Developer console
You are going to write bugs. Everyone does. A typo here, a wrong variable name there, a function called before it exists — mistakes are part of writing code, and no amount of experience makes them stop entirely. What changes with experience is how fast you find them.
That’s the problem in the browser: by default, a visitor sees none of it. When your script throws an error, the page just… does less than you expected. No red banner, no popup, nothing. The error happens silently and the browser moves on. If you can’t see what broke, you can’t fix it.
Browsers solve this with a built-in cockpit called the developer tools. It shows you errors as they happen, lets you inspect the page, and — the part we care about most right now — gives you a live JavaScript prompt where you can type a line and see the result instantly.
Most people who write JavaScript reach for Chrome or Firefox, because their developer tools are the most capable. The other browsers have devtools too — sometimes with features of their own — but they tend to trail Chrome and Firefox. A common working habit is to pick one browser as home base and only switch when a bug turns out to be specific to another browser.
The tools do a lot. We won’t tour all of it here. For now you need three things: how to open the panel, how to read an error, and how to run a command.
Google Chrome
Open the demo page bug.html.
There’s a deliberate error in its JavaScript. A regular visitor would never know — the page just quietly fails. Let’s open the developer tools and watch the browser tell us exactly what went wrong.

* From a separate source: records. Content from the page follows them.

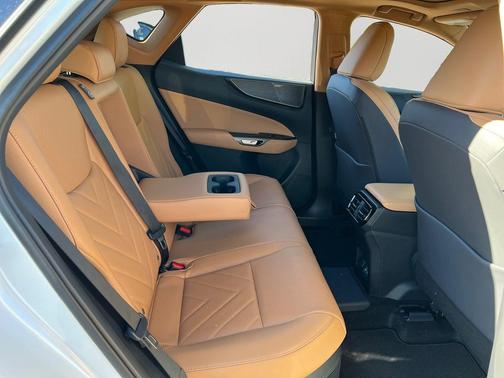 2025 Lexus NX 450h+ Luxury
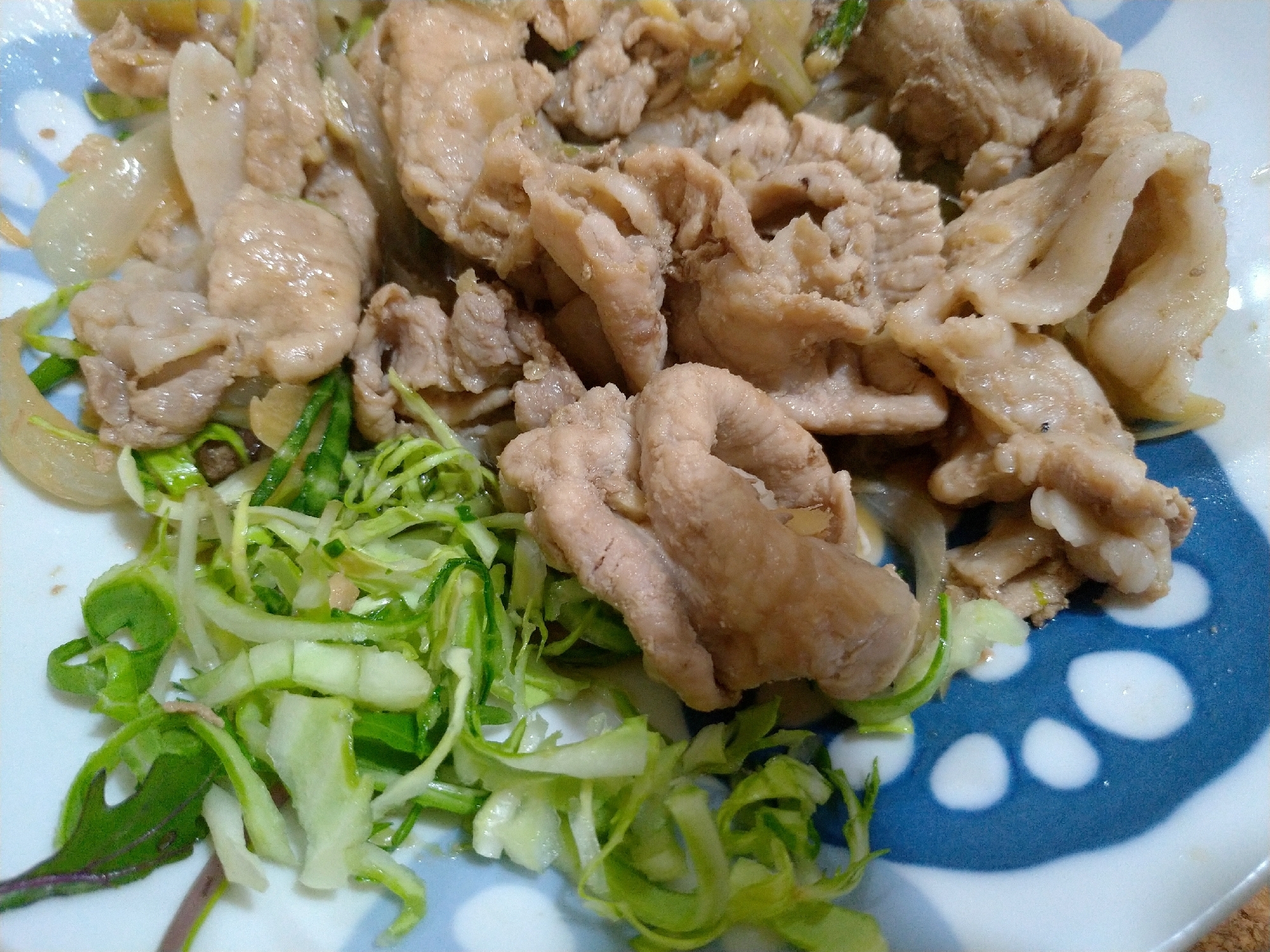 豚肉玉ねぎ生姜焼き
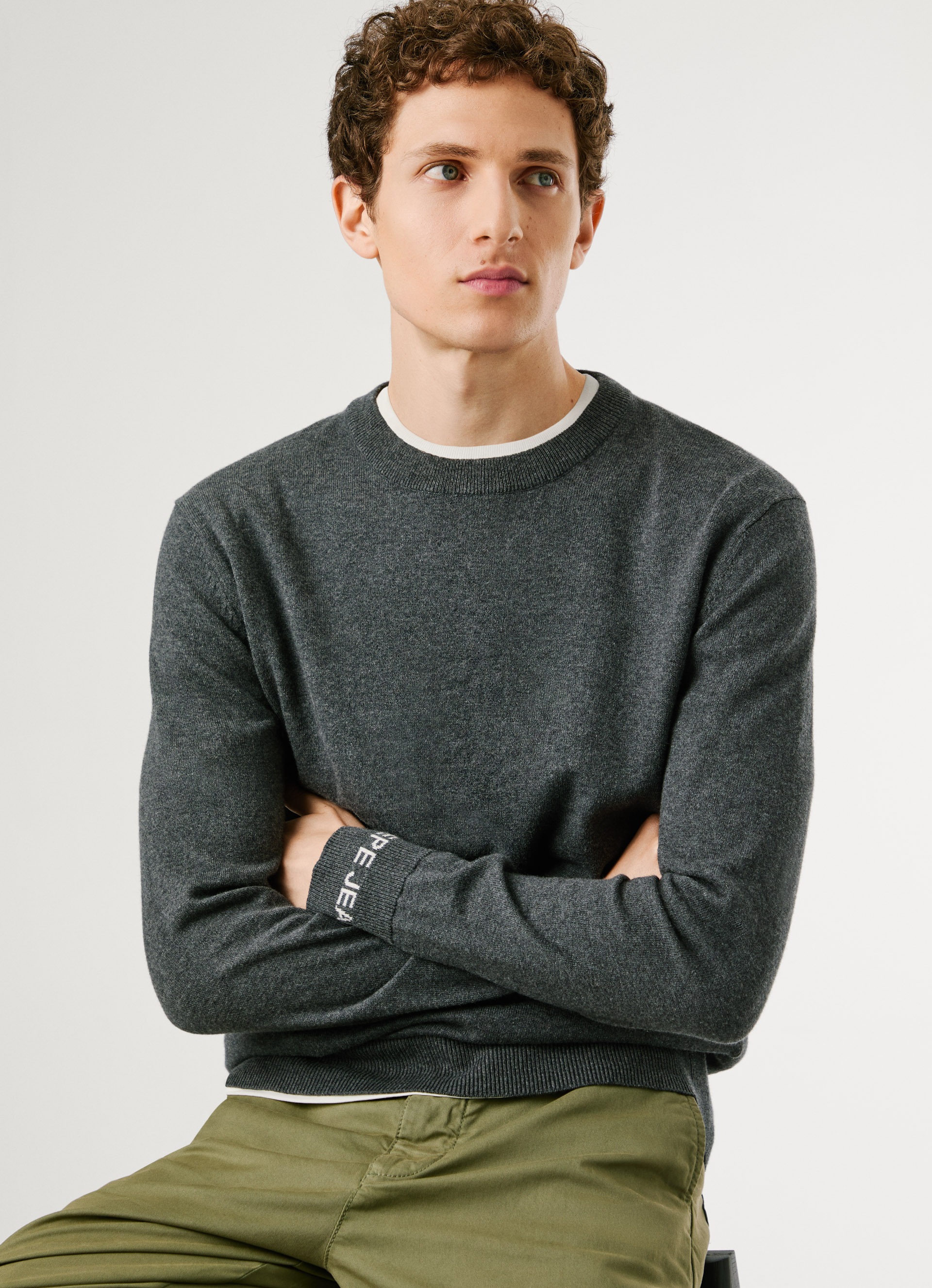 Pepe Jeans Strickpullover »ANDRE CREW NECK«, mit Rundhals, Logo-Jacquard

Press F12. On a Mac, that key is often claimed by the system, so use Cmd+Opt+J instead — it jumps straight to the Console.

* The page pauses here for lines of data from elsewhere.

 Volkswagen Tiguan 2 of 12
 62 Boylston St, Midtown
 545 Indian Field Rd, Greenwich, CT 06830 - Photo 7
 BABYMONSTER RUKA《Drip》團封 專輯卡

The panel opens on the Console tab.
The exact layout shifts between Chrome versions, so what you see may not match the screenshot pixel for pixel. The pieces below are always there, though.
- A red error message. In this demo it’s complaining about an unknown
lalalacommand — code that tries to use a name that was never defined. - On the right of that message, a clickable link like
bug.html:12. The number is the line where the error struck. Click it and Chrome jumps to that exact line in the source, which is usually the fastest route from “something broke” to “here’s the line that broke it.”

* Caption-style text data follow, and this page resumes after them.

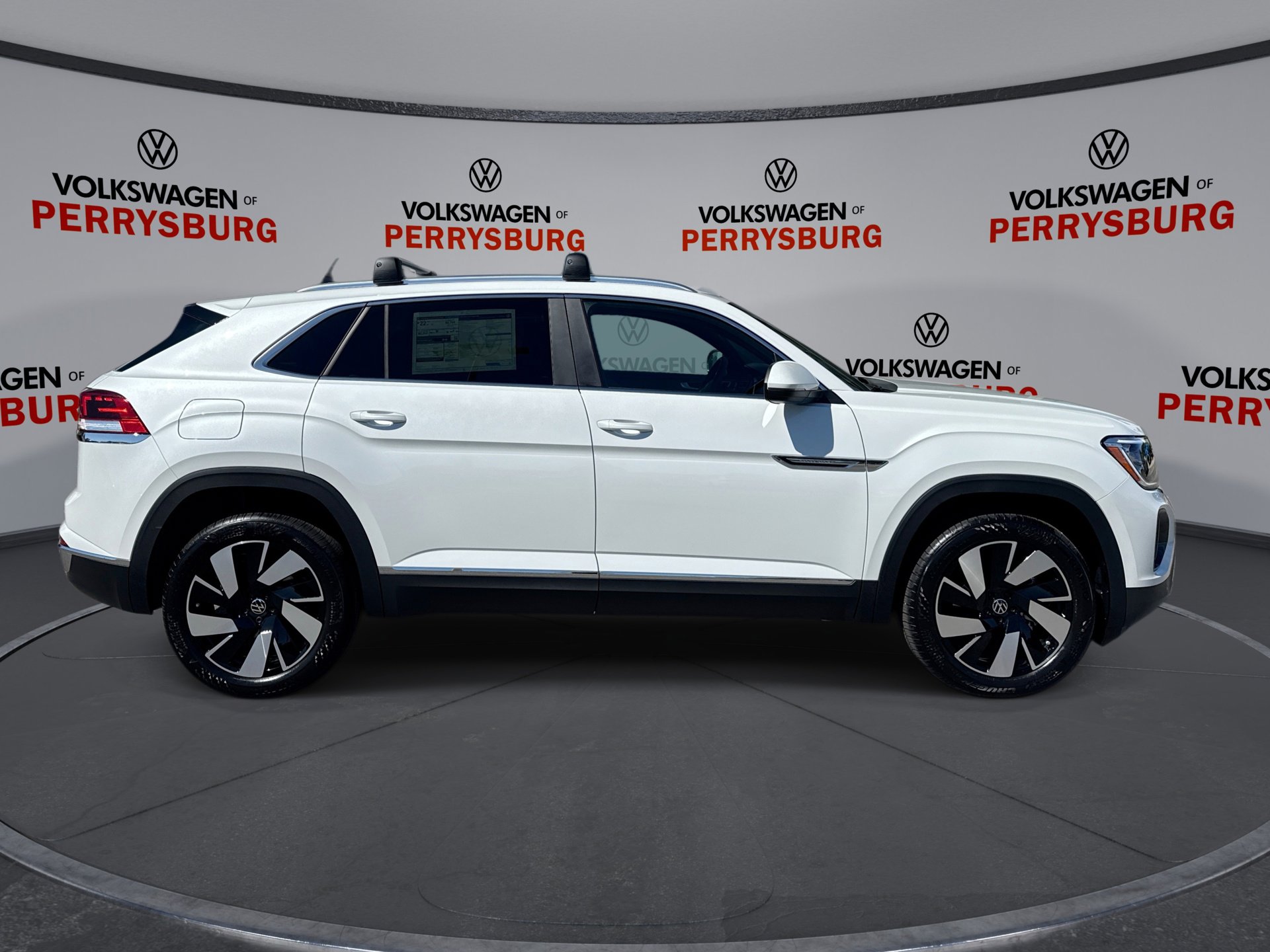New 2026 Volkswagen Atlas Cross Sport SEL image 9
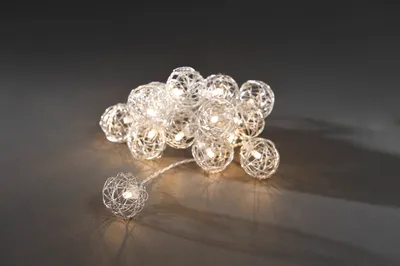 Produktbild von Konstsmide - LED Dekolichterkette,  Aluminium-Drahtkugeln, klein, 16 warm weiße Dioden, batteriebetrieben, Innen, transparentes Kabel, 3 x AA 1.5V (exkl.); 3176-103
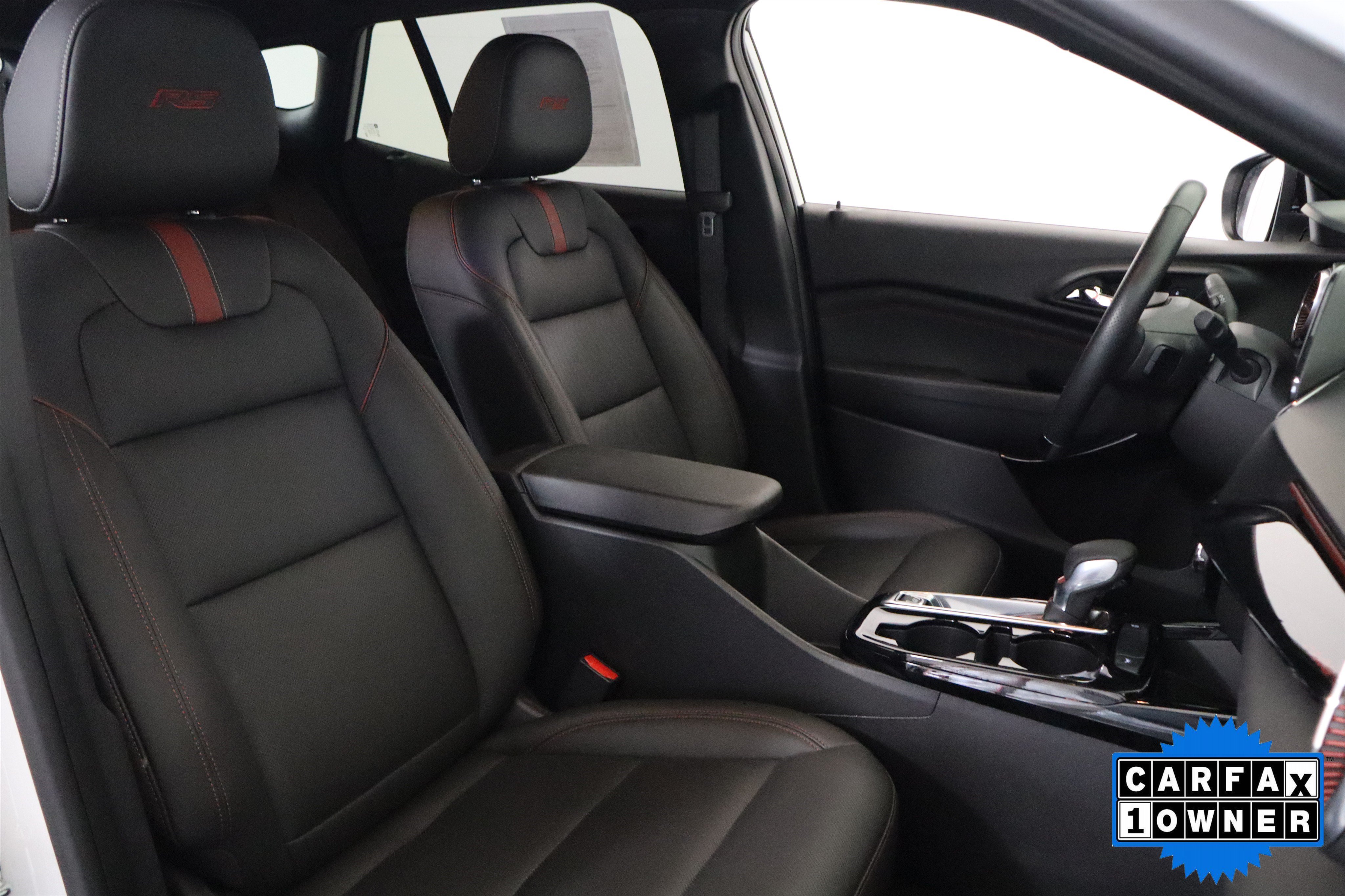 Used 2025 Chevrolet Trax RS w/ Driver Confidence Package FWD image 20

Below the message sits a blue > prompt. That’s the command line: a place to type JavaScript and run it against the current page. Type an expression, press Enter, and the browser evaluates it right there and prints the result.
Being able to see errors is enough to get moving. We’ll return to developer tools and cover proper debugging — pausing code, stepping through it line by line, watching variables change — in the chapter Debugging in the browser.
Firefox, Edge, and the rest
For most other browsers, F12 is the key that opens developer tools.
The look and the wording differ a little from Chrome, but the ideas carry over one-to-one: a console, an errors list, an elements inspector. Learn the moves in one browser — Chrome is a fine starting point — and moving to another is mostly a matter of finding where they put each button.
Safari
Safari (the Mac browser; it isn’t available on Windows or Linux) needs one bit of setup first. Its developer features are hidden behind a menu you have to switch on.
Open Settings, go to the Advanced pane, and tick the checkbox at the bottom:
With that enabled, Cmd+Opt+C toggles the console. You’ll also notice a new Develop menu appear in the top menu bar, packed with commands and options for inspecting pages.
Shortcut cheat sheet
Different browsers, different platforms, slightly different keys. Here’s the quick reference:
| Browser / OS | Shortcut |
|---|---|
| Most browsers (Windows/Linux) | F12 |
| Chrome (Mac) | Cmd + Opt + J |
| Safari (Mac) | Cmd + Opt + C |
Summary
- Developer tools let you see errors, run commands, inspect variables, and much more.
- Open them with F12 on most browsers under Windows. On Mac, Chrome uses Cmd+Opt+J and Safari uses Cmd+Opt+C (after enabling the Develop menu).
- The Console shows error messages with a line number you can click, and gives you a
>prompt for running JavaScript against the current page.
The environment is ready. Next, we start writing actual JavaScript.